Geriatric? Um, lol, OK. In my geriatric life, I've gained life experience that helps me cope. I have learned how to mimic appropriate social interaction. I have learned that people don't like it when your face shows no emotion. Apparently my resting face used to look very melancholy, and people would ask me all the time why I was sad. It drove me crazy. Over time I've learned what I need in order to protect myself emotionally, financially, professionally etc.

Not having an "official" diagnosis as a child was a definite disadvantage. It's OK, an official diagnosis didn't exist when I was a child. Even today, knowing what I do now but still not having an official certificate to "prove" why I seem rude or grumpy or aloof etc., is also a disadvantage. People still say hurtful things, even ones who should know better. One person said to my face they don't believe I'm autistic but just use the word to bully people.

I cannot imagine what moms and dads go through who hear people say these kind of things to or about their autistic children. My hat's off to parents of autistic children. I am sure my parents didn't know what to do with me!

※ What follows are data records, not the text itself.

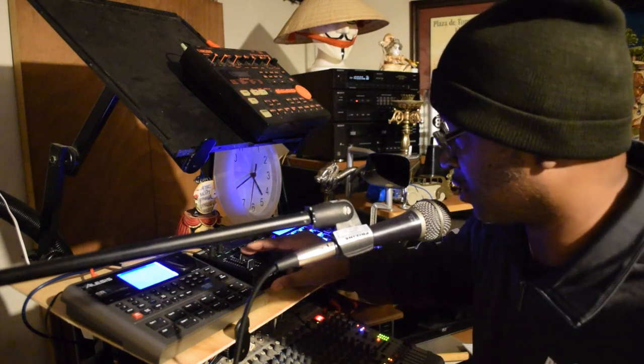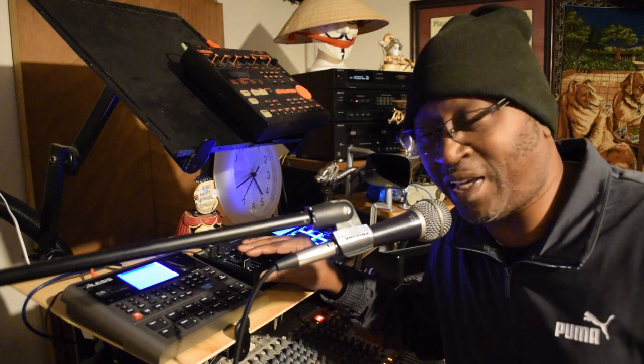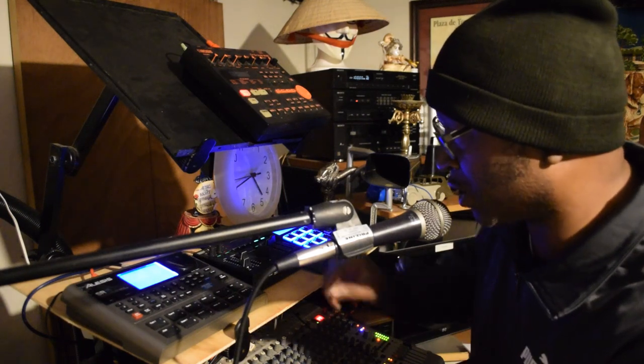Just try to mix it in with a little bit of some jazz. Let me try to smooth it out.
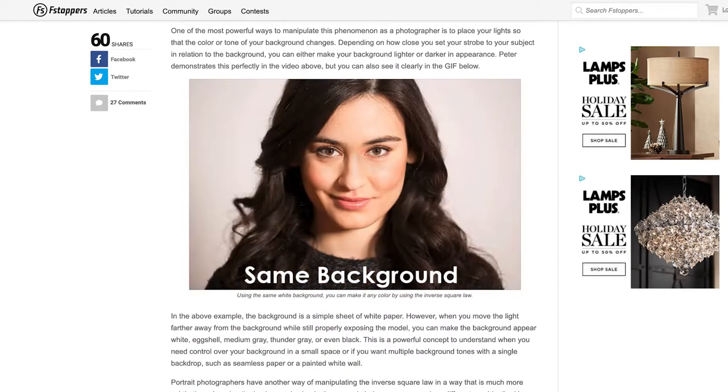If you want your background to stay the same color — to keep it white, or if you have blue, green, orange, whatever color — you actually have to have your light further away so that by the time it hits your subject and hits the background, it stays the same color.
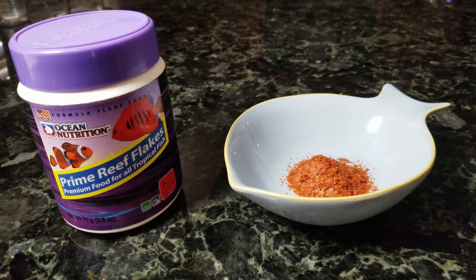Most of the Anthias we've talked about today are carnivores, so they're going to eat a lot of those meatier foods. But if you are feeding a community tank and they get some veggies, that's not going to be an issue. Anthias can feed in the middle and the top of the water column, so flakes are a good option — they'll be floating and the Anthias will be able to eat those no problem.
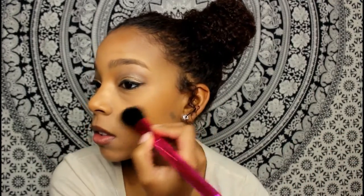Now with my Anastasia glow kit, I'm going to take the color Golden Bronze. I take this angled brush, get a little bit of the Golden Bronze, and apply it to my cheeks in an upward motion. Then I take a little bit and put it on my nose as well.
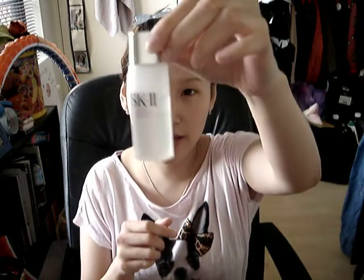Hi everyone, it's Lydia from DJ Pocky. In this video I'm going to show you a romantic dinner makeup tutorial. With clean hands and clean face as usual — that's the most important thing. Let's start by moisturizing our face.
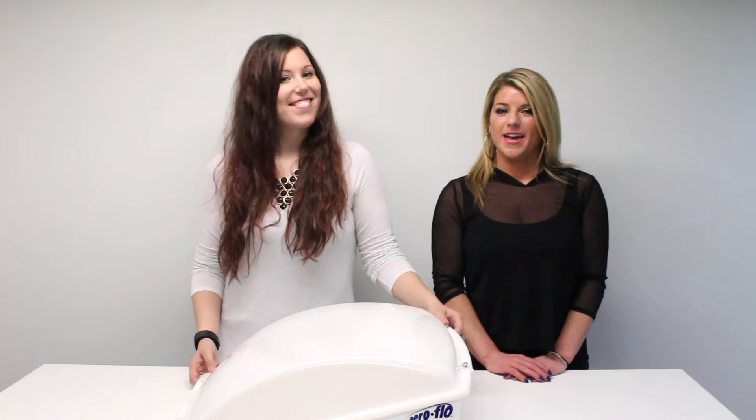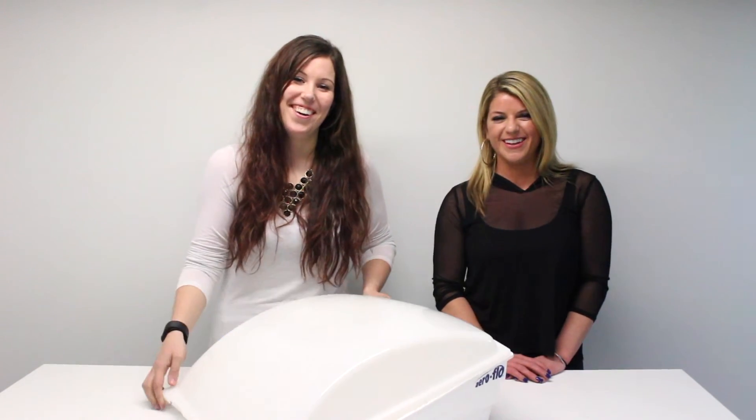To shop the Aeroflow Vent Cover, just click on the link below and don't forget to subscribe to our YouTube channel at RV Parts Nation. I'm Abby and I'm Allie and I'm Aeroflow. Bye!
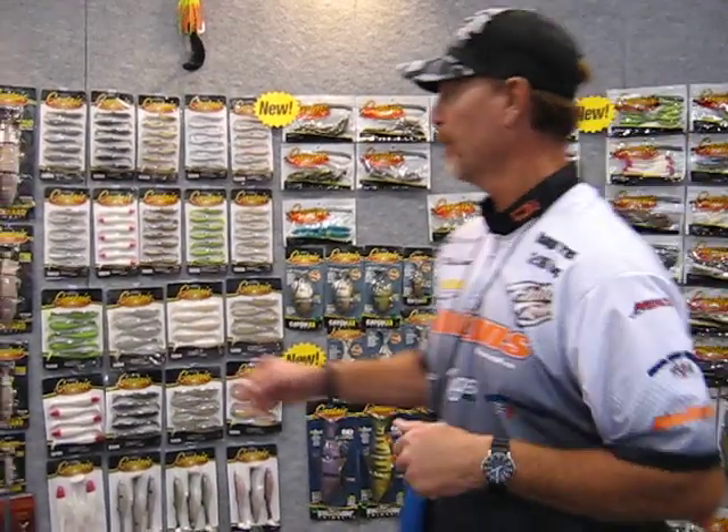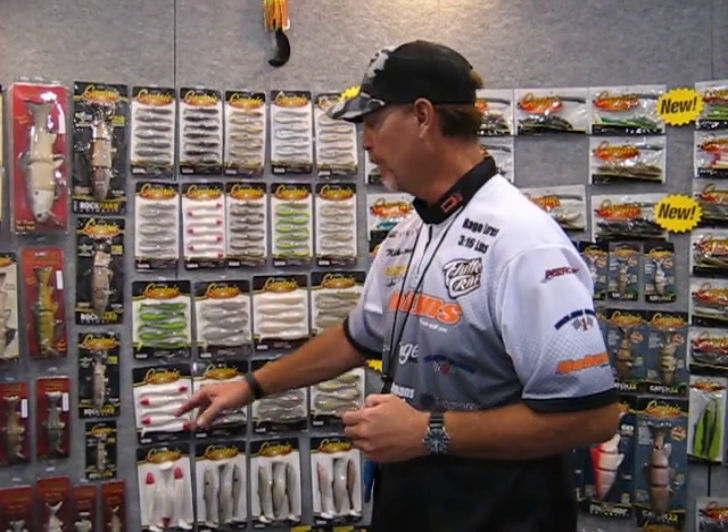I've got some signature baits. I've got the Rock Hard in an eight inch, ten inch, six inch, and four inch rainbow trout. Three different colors. They also come in bass, shad, and lots of different flavors.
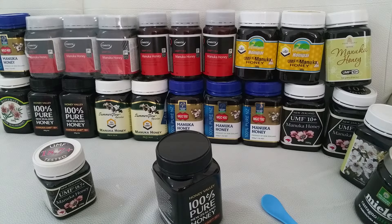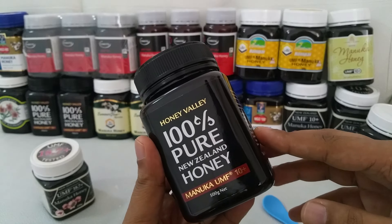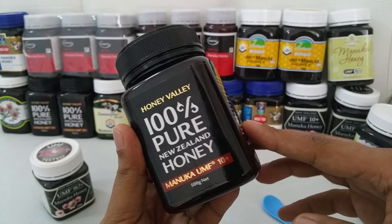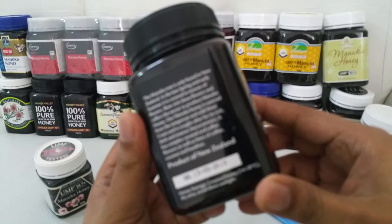Hi everyone, hope everything is fine. Today I will show you my another honey. I just got this honey from New Zealand — you can see it's UMF 10 plus and Manuka tree honey.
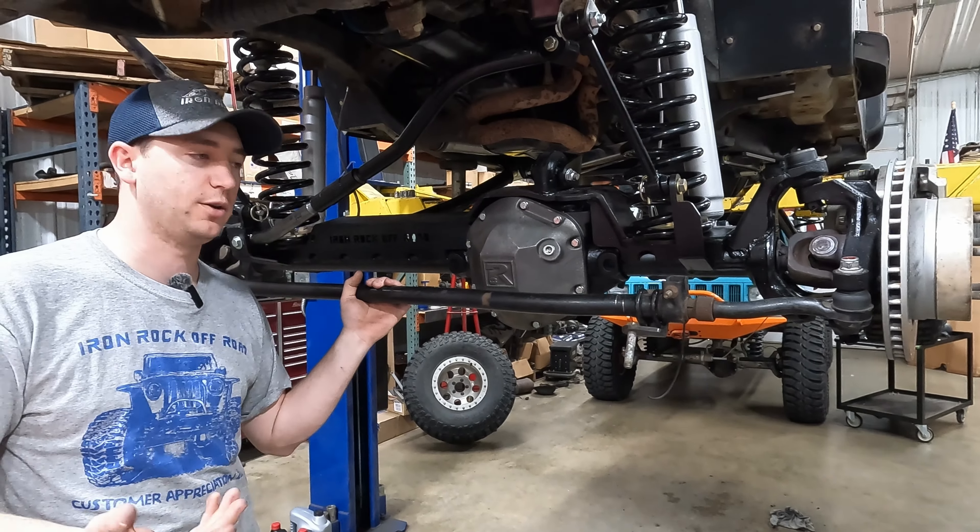With the vehicle down at ride height and wheels back on, tires as straight as we can visually get them, we're adjusting the double adjuster to center the steering wheel. The correct way is to get it as close as you can, drive it, and see how it tracks. We're still waiting on drive shafts so we'll get as close as possible for now. You should be able to adjust this by hand — adjust, then check your steering wheel.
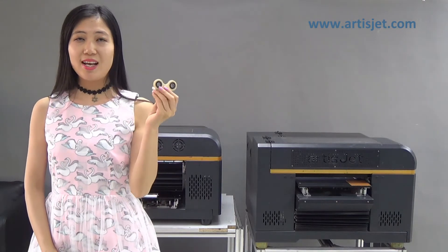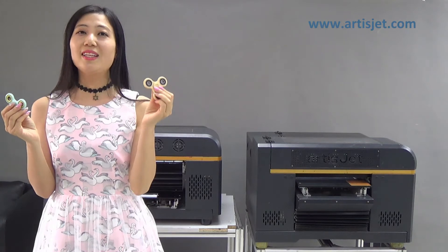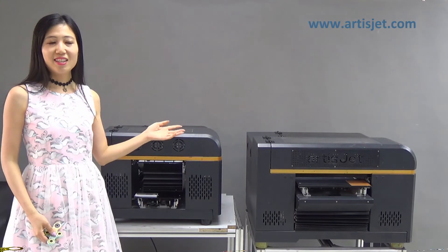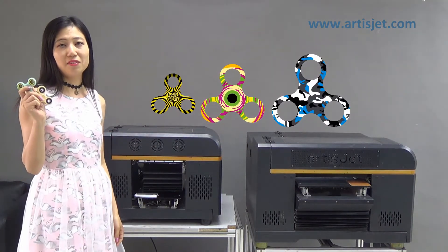Hello guys, today we will see how to make single color fidget spinners more cool, colorful. Here are the ArtistJet UV LED printers. They can demonstrate print pictures, graphics on their spinners.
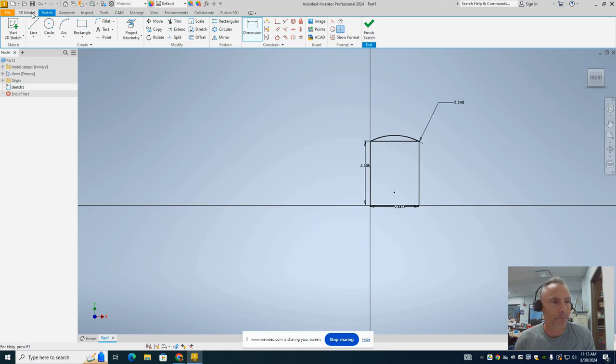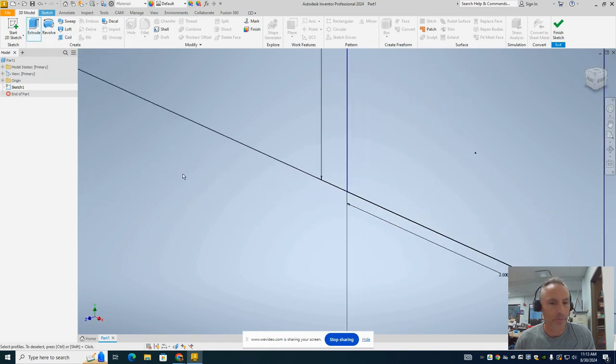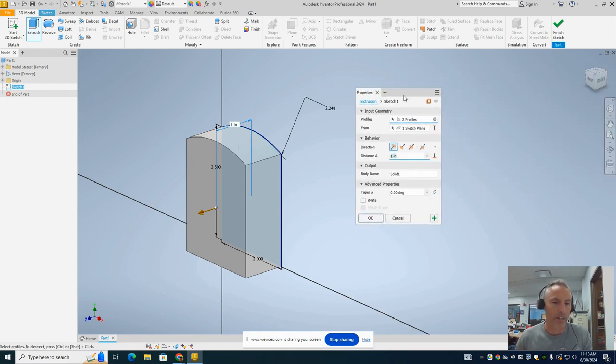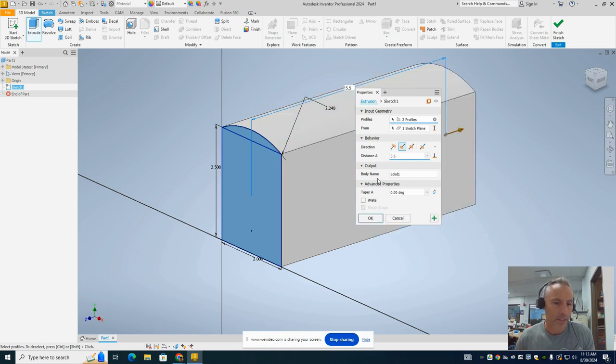At this point we're ready to extrude to make the main body of the train. We're going to go to 3D Model, and when we click on it one of the options is Extrude. We'll click on that and select the profile areas. It doesn't really matter whether we extrude out or in. We're going to have it extrude back, and we're going to have it go 5.5 inches. Then we'll hit OK.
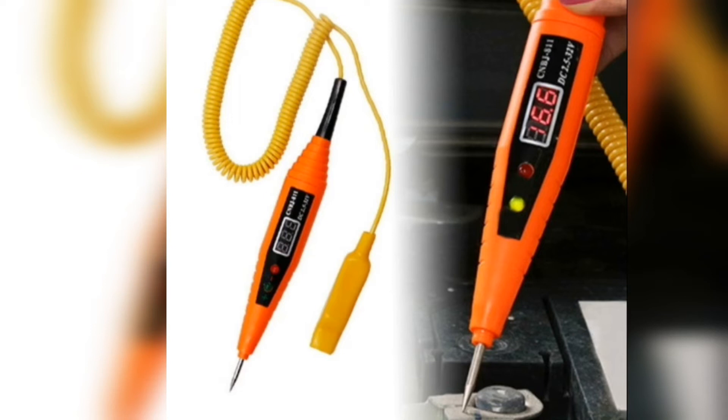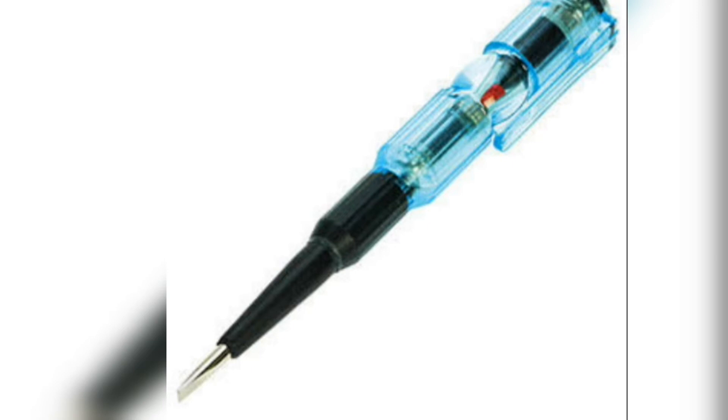Test the line properly to confirm whether any voltage or any charge is available or not. You utilize different testers available according to their voltage. For LT lines, an LT tester or different model testers are used. A local tester, as shown in the picture, works up to 220 volts and clearly indicates whether the line is live or not.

I am who I am because God made me this way, and therefore I would not have it any other way. I have only spent 47 years with a semi-diagnosis and headaches and stomach-aches and angry parents and insensitive people. I will spend eternity with Jesus, glorified and perfected, being used as His servant in the exact ways He made me. The way He made me will be a gift to His society in heaven, without the physical manifestations from sensitivities and anxiety from misdiagnoses or misunderstandings. It's a good trade. A very good trade, because God is good.